Doch traurig ist Glattauer, er erzählt, dass er öfter „heult wie ein Schlosshund”. „Manches ist so traurig, es zum letzten Mal zu erleben. Es ist traurig. Das Beenden einer Sache, und sei es das Leben, ist traurig. Jeder Abschied ist traurig. Jemanden zum letzten Mal zu treffen, ist traurig. Ich bin dabei, das Leben zum letzten Mal zu treffen.”

Er weint um sich, gibt Glattauer ehrlich zu, ist aber traurig für seine Kinder, 16 und 22 Jahre alt. Er weint um das Beenden von Gewohnheiten und Ritualen, wie „der Kaffee in der Früh oder die Kuckucksuhr hören, die ich so liebe.”

„In Würde zu sterben ist in dieser Zweiklassenmedizin nicht möglich."

„Ich hatte ein glückliches Leben, das Leben war gut zu mir”, blickt Glattauer zurück. Nun fangen allerdings die Krankheiten an. „Ich stehe vor einer Hüftoperation, auf die ich ein Jahr lang warte, weil es eine Zweiklassenmedizin gibt. Und ich bin ein Holzklasse-Patient”, so Glattauer zu Florian Klenk und gibt dem Abschiedsinterview eine neue, tragische Richtung. Mit ein Grund, in Würde sterben zu wollen ist die Tatsache, dass das in Österreichs „Zweiklassenmedizin” regulär nicht möglich ist.

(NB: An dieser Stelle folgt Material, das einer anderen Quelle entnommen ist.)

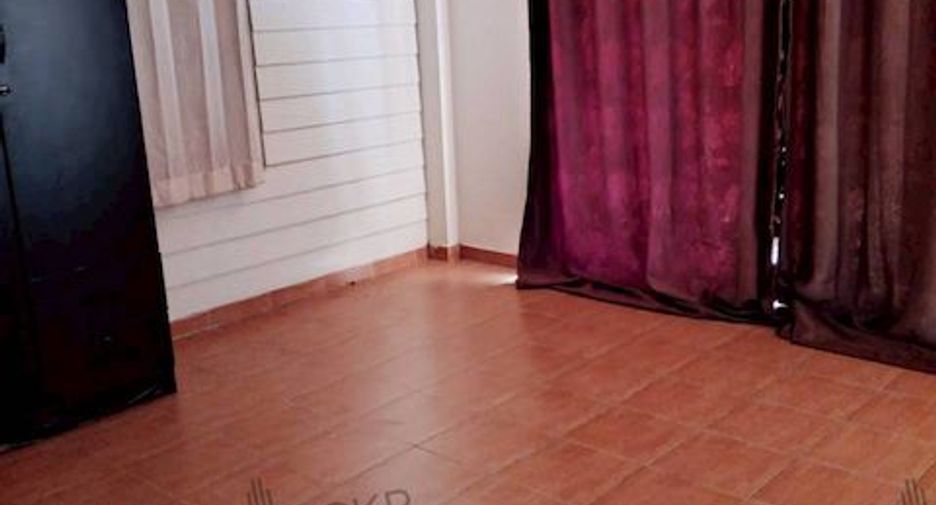 Продажа 3 спальни дом в Si Racha, Чонбури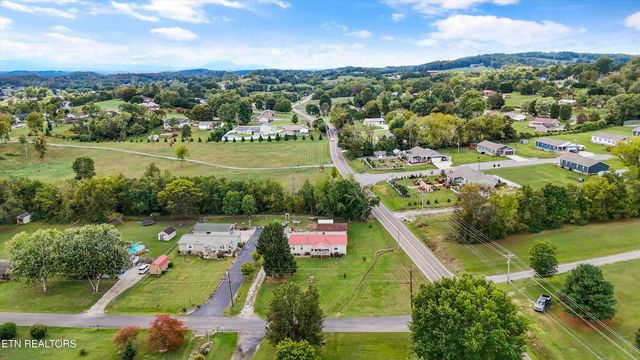 1476 Martha Dandridge Circle, Dandridge, TN 37725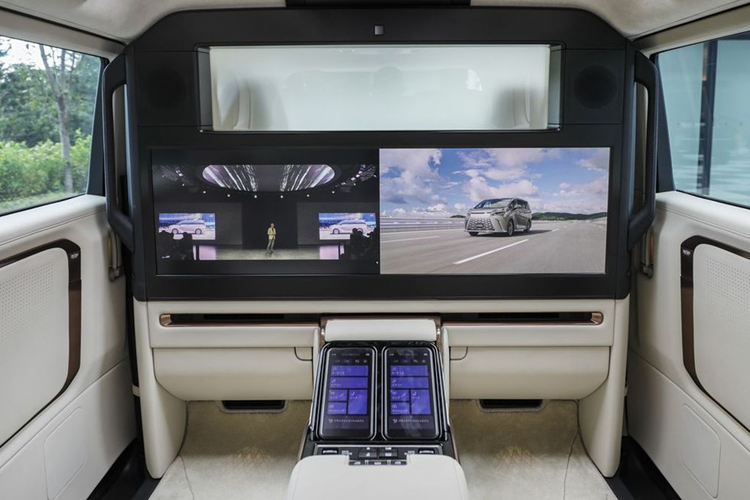 Trong đó, mẫu 4 chỗ là loại sang trọng nhất với các trang bị đáng chú ý như: vách ngăn giữa hàng ghế trước và hàng ghế sau, màn hình rộng 48 inch, tủ lạnh, ngăn chứa đồ đặc biệt…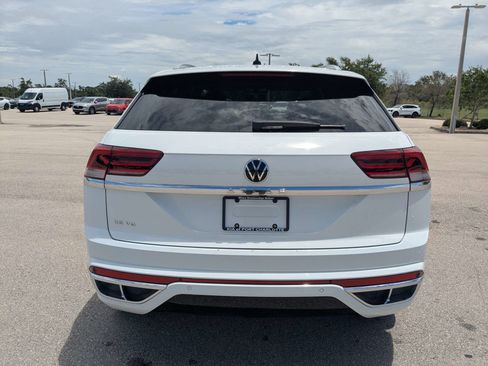 Used 2021 Volkswagen Atlas Cross Sport SE w/ Panoramic Sunroof Package FWD image 6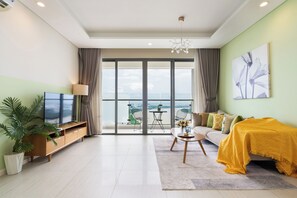 Smart TV, computer monitors - Highfloor Pearl inDiamondIsland.D2 -RiverView (ho chi minh)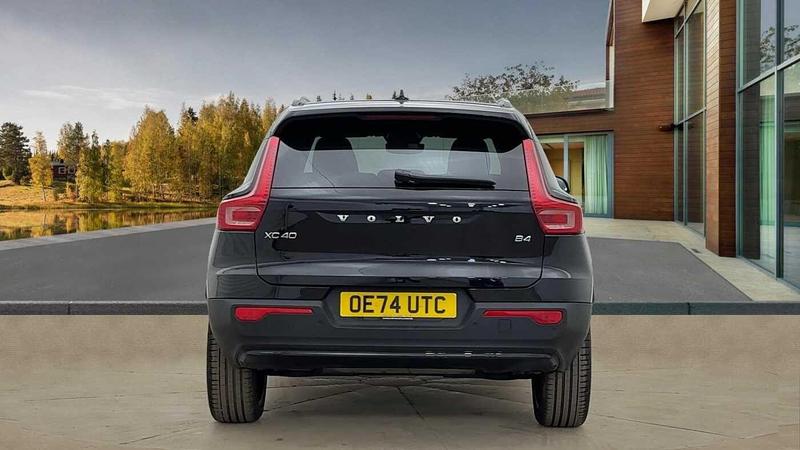 Used Volvo XC40 2025 for sale - 76748126: Photo 4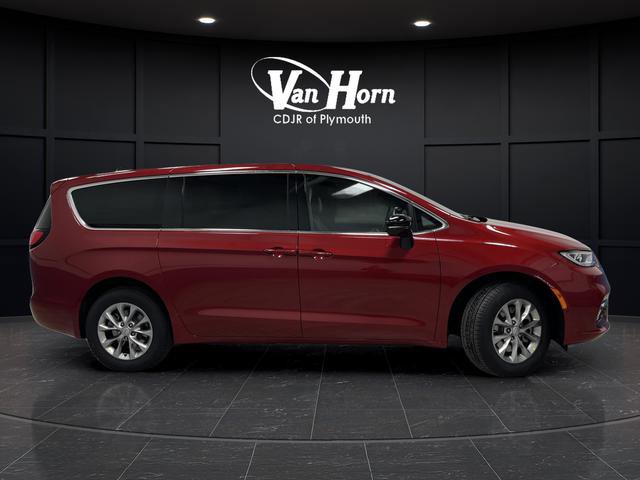 New 2026 Chrysler Pacifica Limited w/ Trailer Tow Group image 2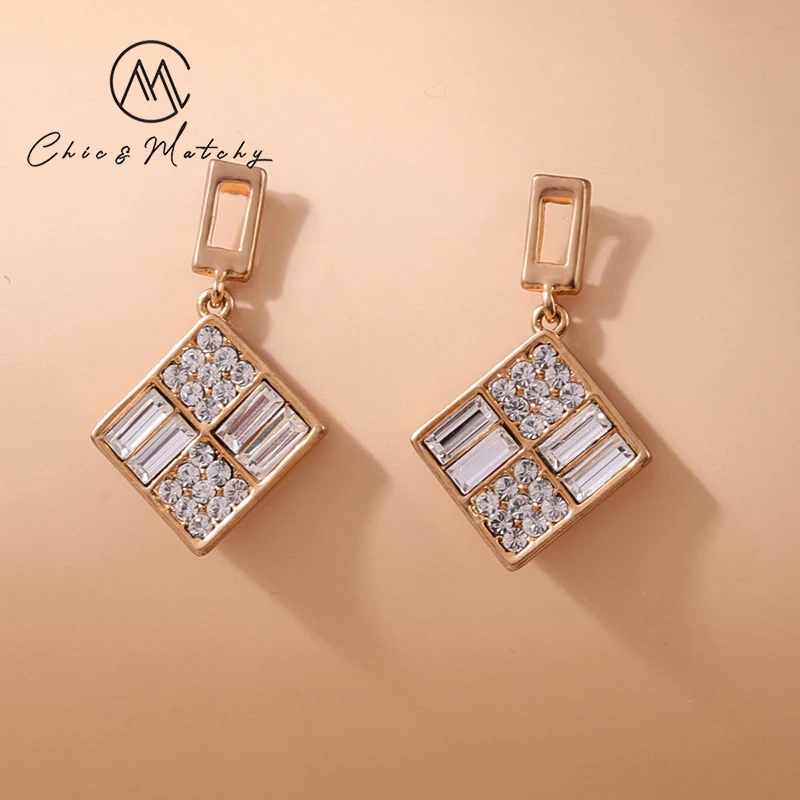 

Женские серьги-подвески с кристаллами, с золотым покрытием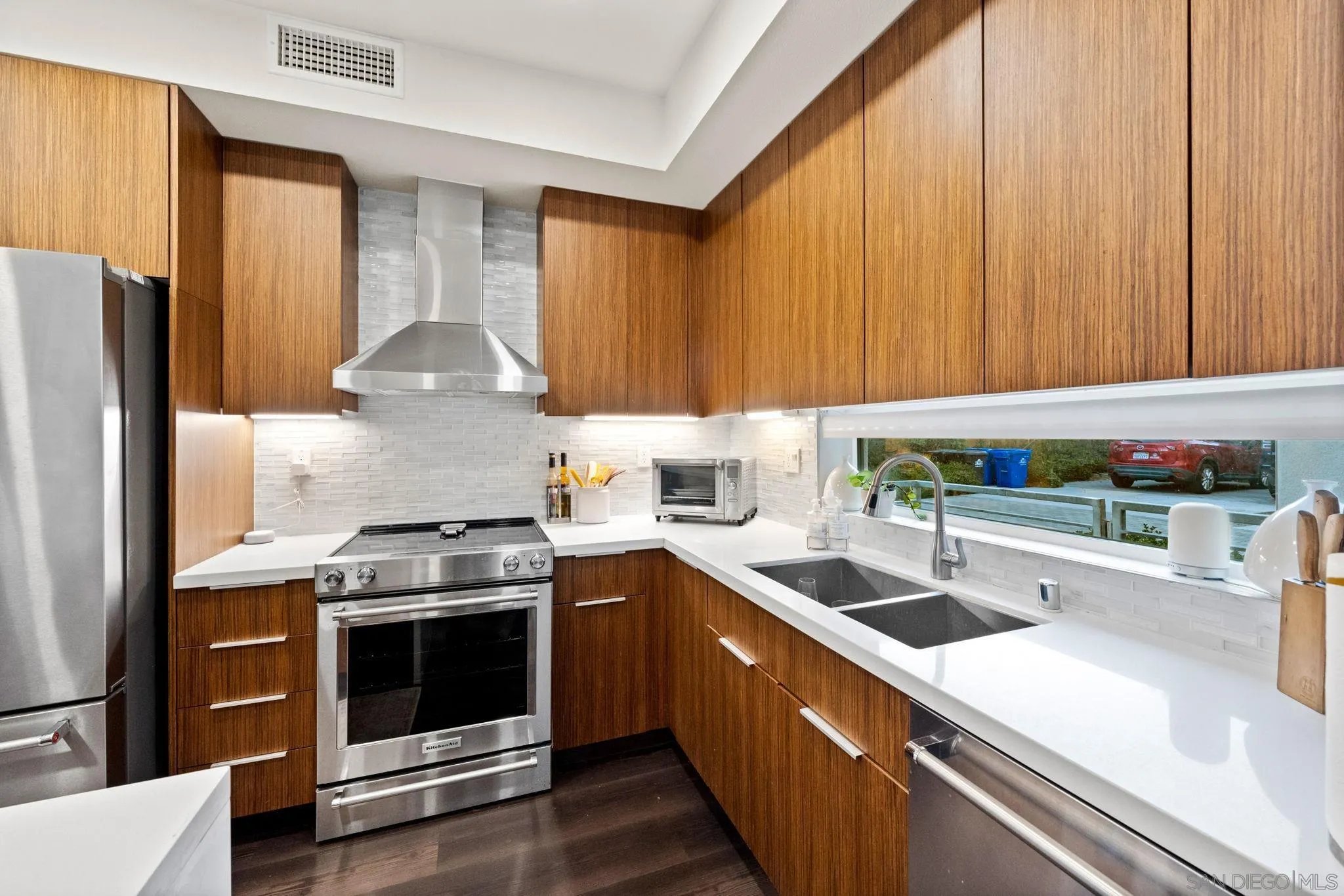 https://cdn.realtyfeed.com/cdn/127/250036638/7e062acee92584b780c16735e4848da0.webp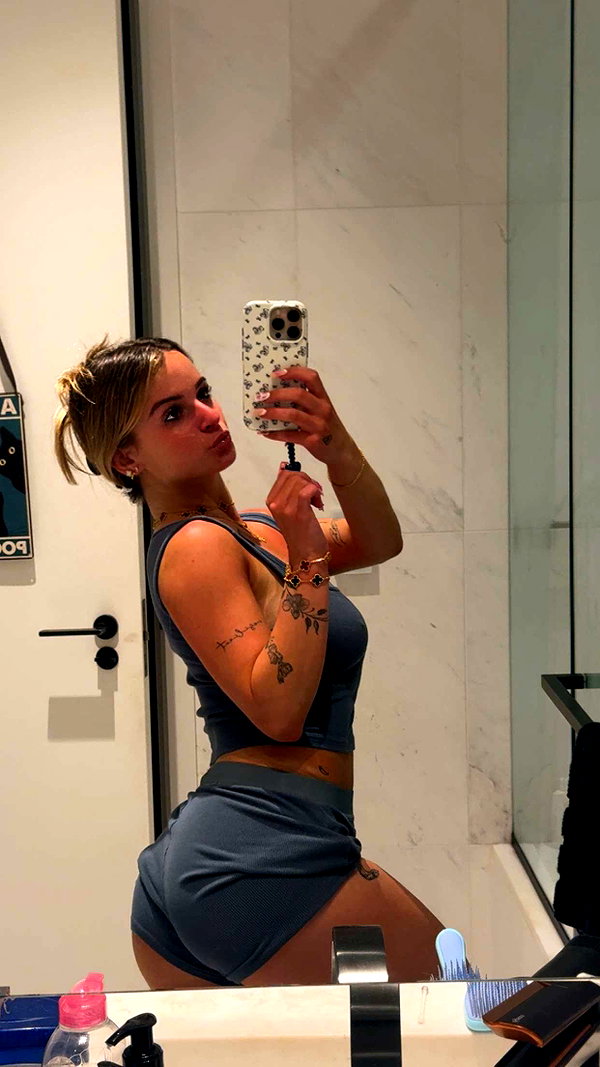kaitlyn_krems snapchat image archive image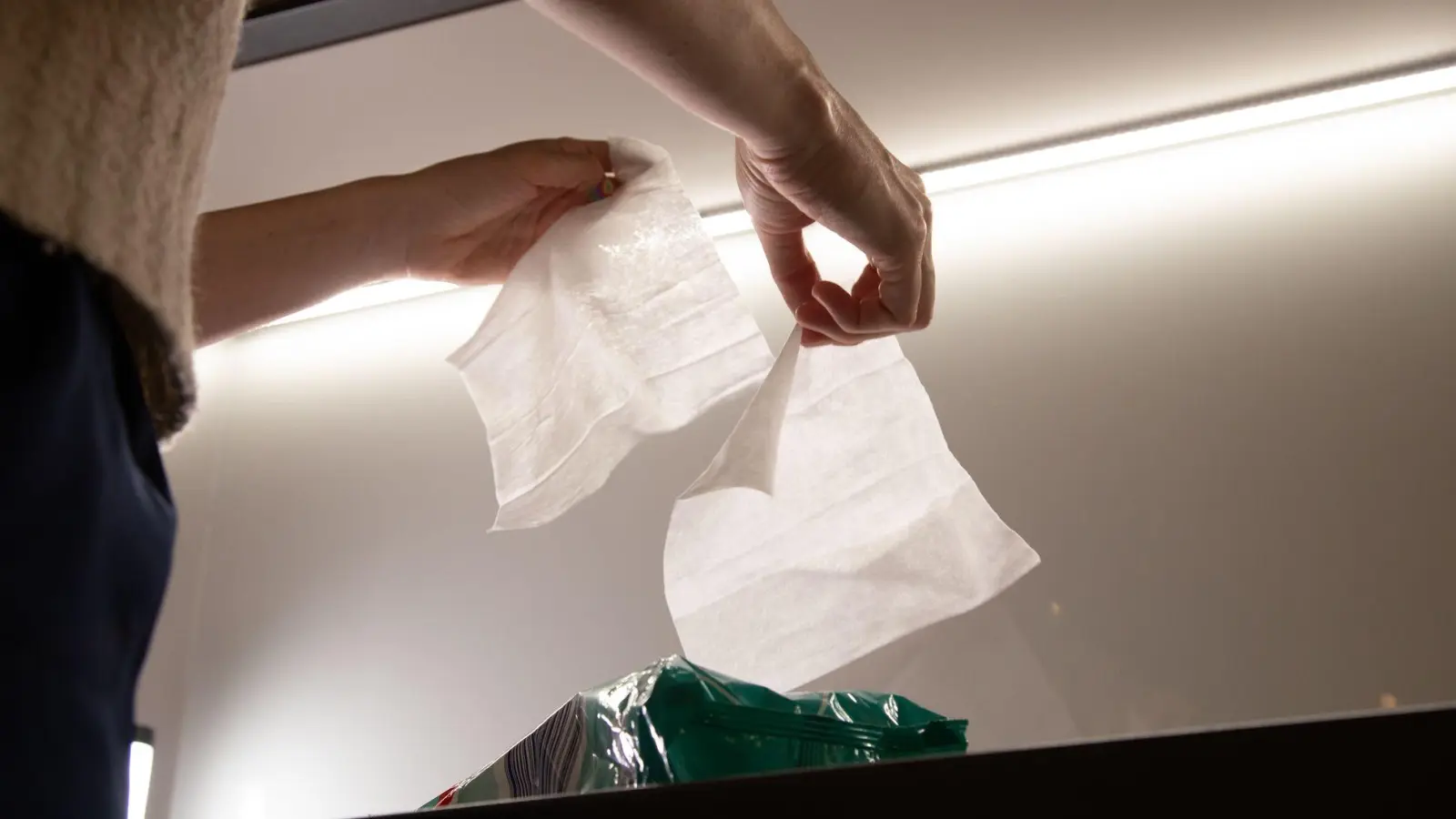 Mehr als man braucht: Wie lassen sich Feuchttücher besser dosieren? (Foto: Christin Klose/dpa-tmn)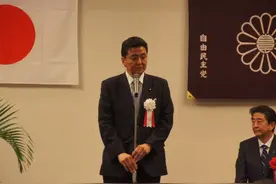 日本新防相岸信夫：安倍的亲弟弟、一个坚定的亲台派图片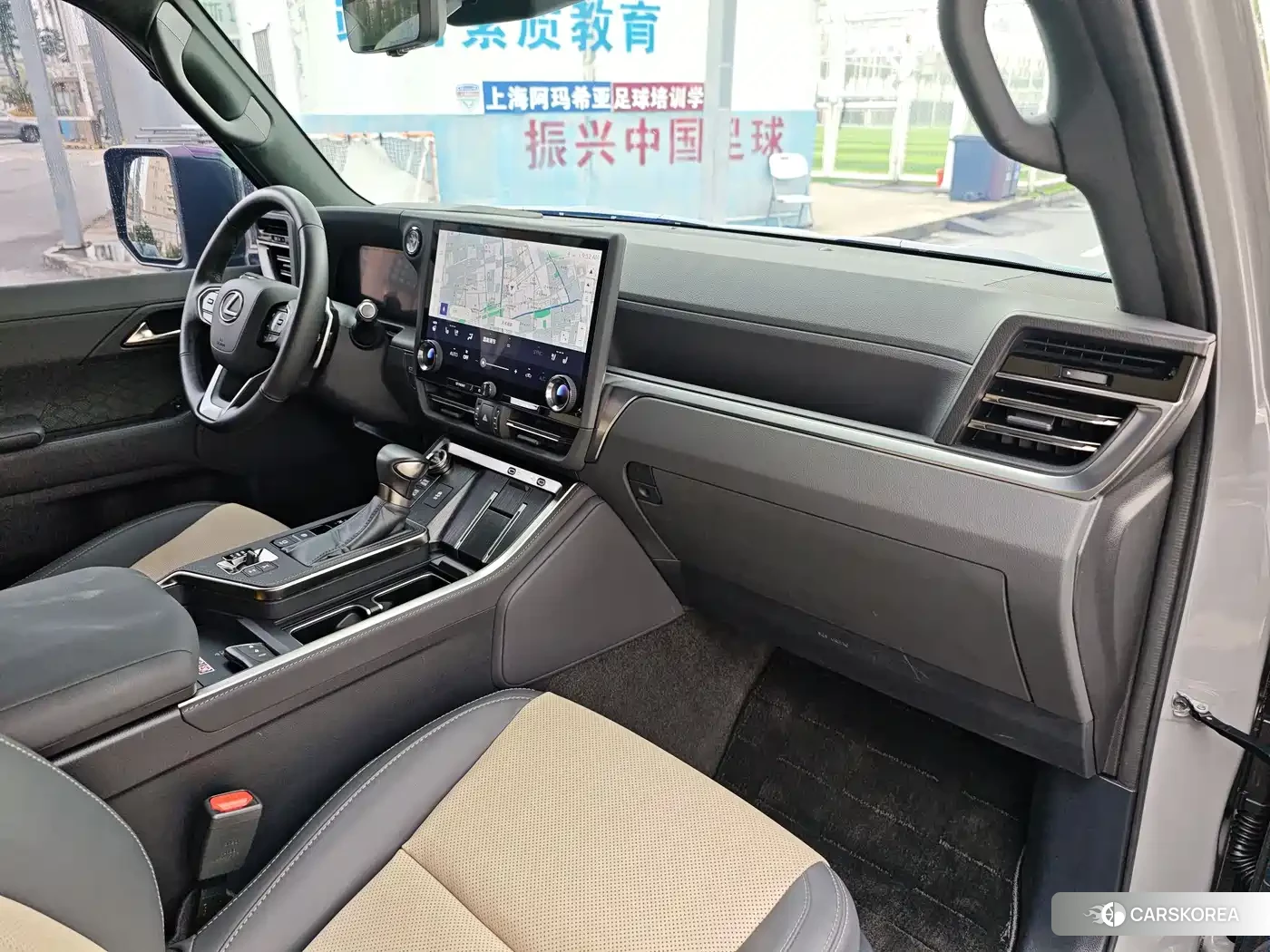 Lexus GX id 4600675 из Китая 21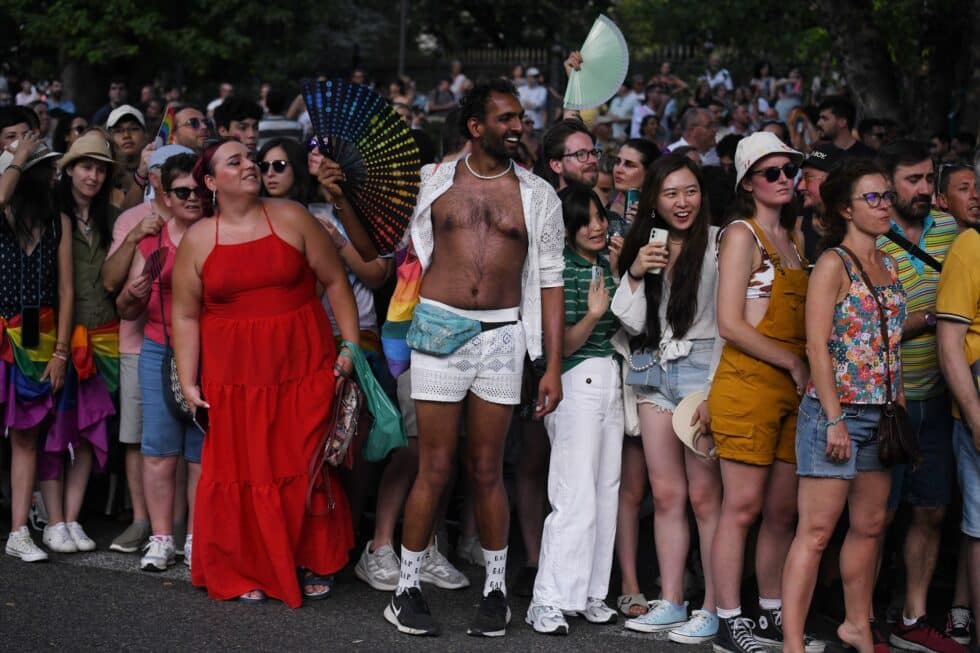 Asistentes a la manifestación del Orgullo. Fernando Sánchez / Europa Press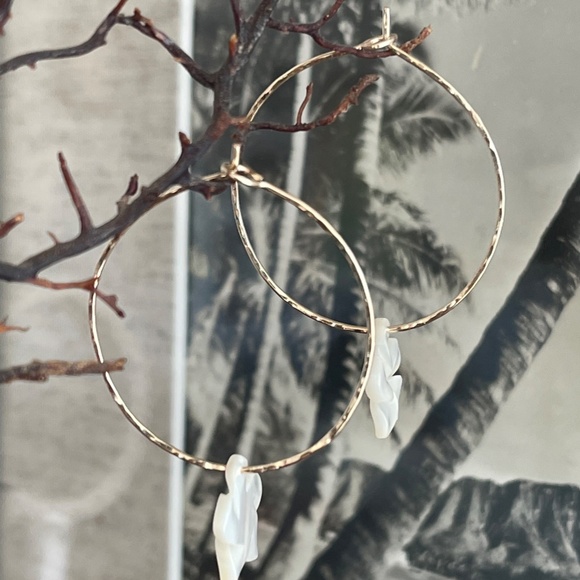 Hawaiian Mini White Plumeria 14K Gold filled Natural Mother of Pearl hoop earrin - Picture 3 of 6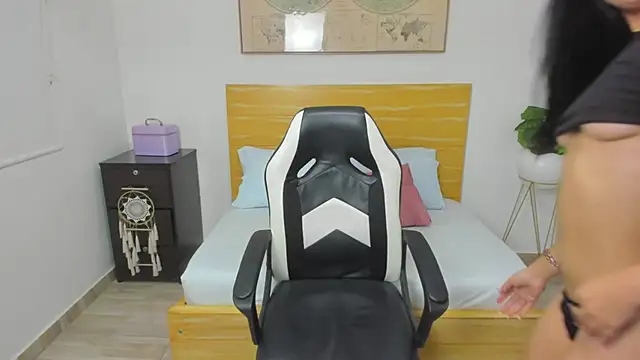 Snapshot of tiffanny_doll_ chatting on 02-15-25, 03:17 tiffanny doll online show from 02-15-25, 03:17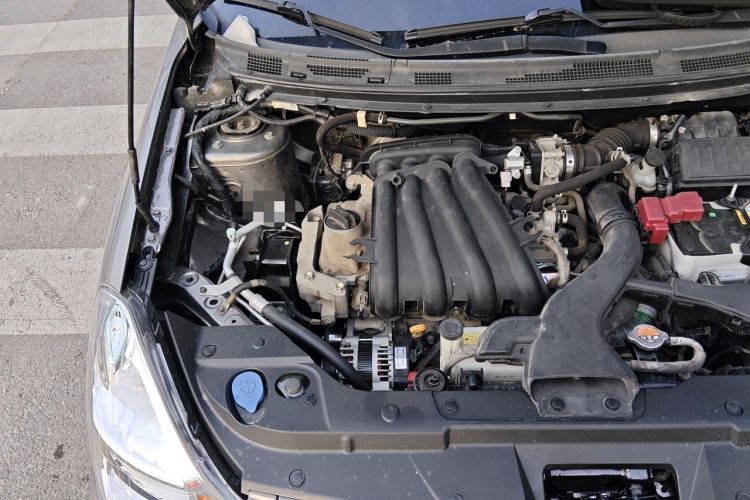 Used Nissan Sylphy 2016 Classic 1.6XE Manual Leading Edition Engine Bay Right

„Der Kapitalismus zerstört auch die medizinische Versorgung der Menschen, weil er auf Optimierung der Ressourcen setzt. Das heißt, wir haben zu wenig Krankenhauspersonal. Und jetzt liegst du also dort, hast keine Familie, die sich im Spital um dich kümmert, kriegst nicht das Essen, das dir schmeckt, sondern wirst dreimal am Tag von einer Krankenschwester besucht, von der du spürst, die hat keine Zeit für dich. Und dann sprechen sie auch noch nicht Deutsch, weil sie aus dem Ausland kommen, weil wir Pflegepersonal aus dem Ausland nehmen, weil es billiger ist und weil es die Österreicher nicht mehr machen. Ist das ein würdiges Sterben?”, fragt Glattauer im „Falter”-Interview und gibt unumwunden zu, dass diese mangelnden Ressourcen bei seiner Entscheidung eine Rolle gespielt haben.

Von seinem letzten Schritt ist Niki Glattauer überzeugt, aber: Wären die Kindern noch klein oder hätte er statt seiner Freundin in Thailand „eine Frau hier bei mir in langjähriger Ehe”, würde er vielleicht anders entscheiden. „Aber ich bin hier allein. Meine Kinder brauchen mich nicht mehr. Mir reicht’s.”